• WHAT NEEDS TO BE DONE: Would you transcribe the whole listing exactly, minus its pictures?

• DATASET CONTENT:
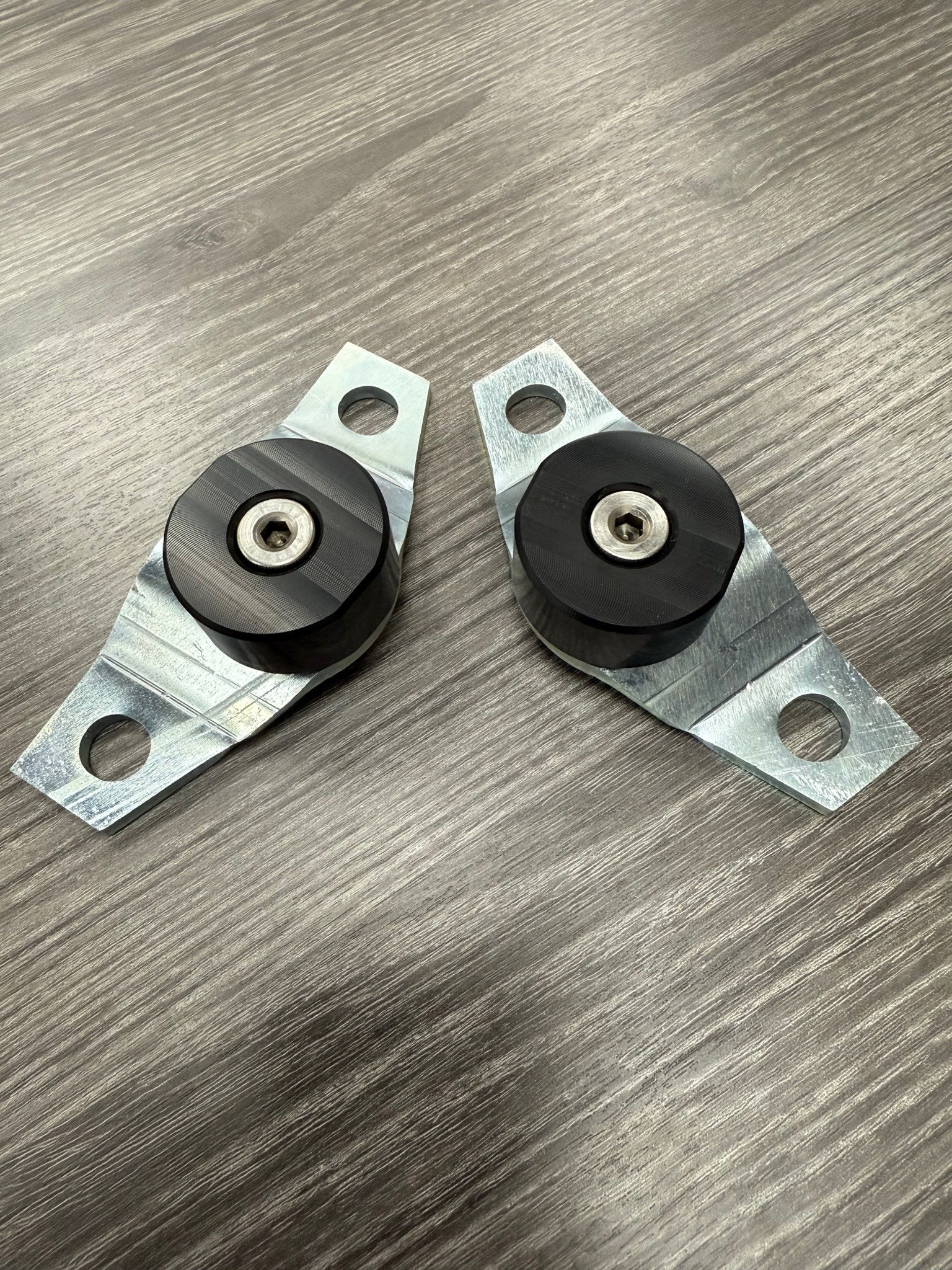 67-72 Tailgate trunnions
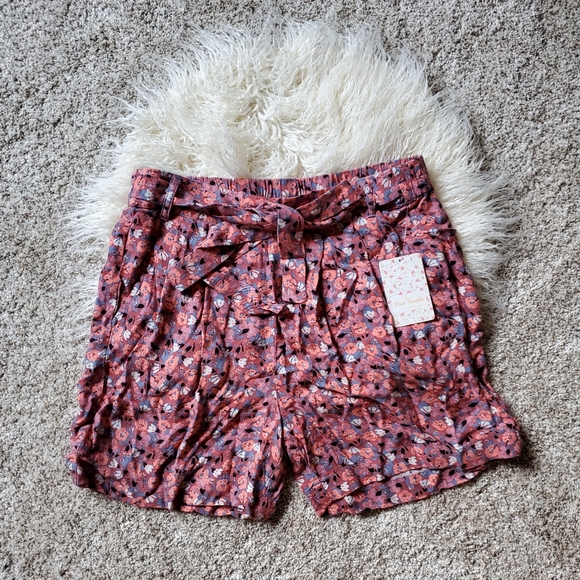 Free People Pants - NWT Free People floral shorts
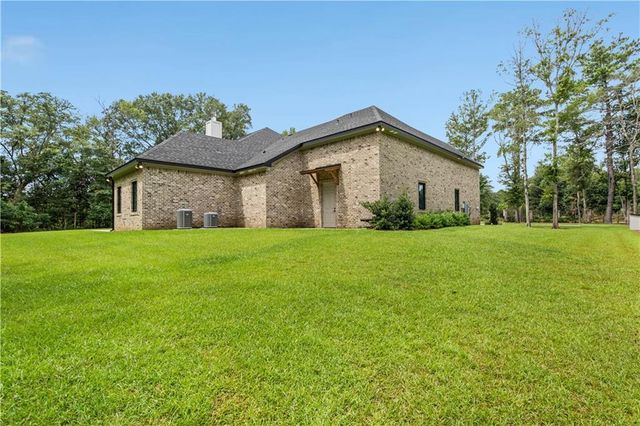 9501 Ben Hamilton Road, Theodore, AL 36582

• RESPONSE BELOW:
 67-72 Tailgate trunnions
 Free People Pants - NWT Free People floral shorts
 9501 Ben Hamilton Road, Theodore, AL 36582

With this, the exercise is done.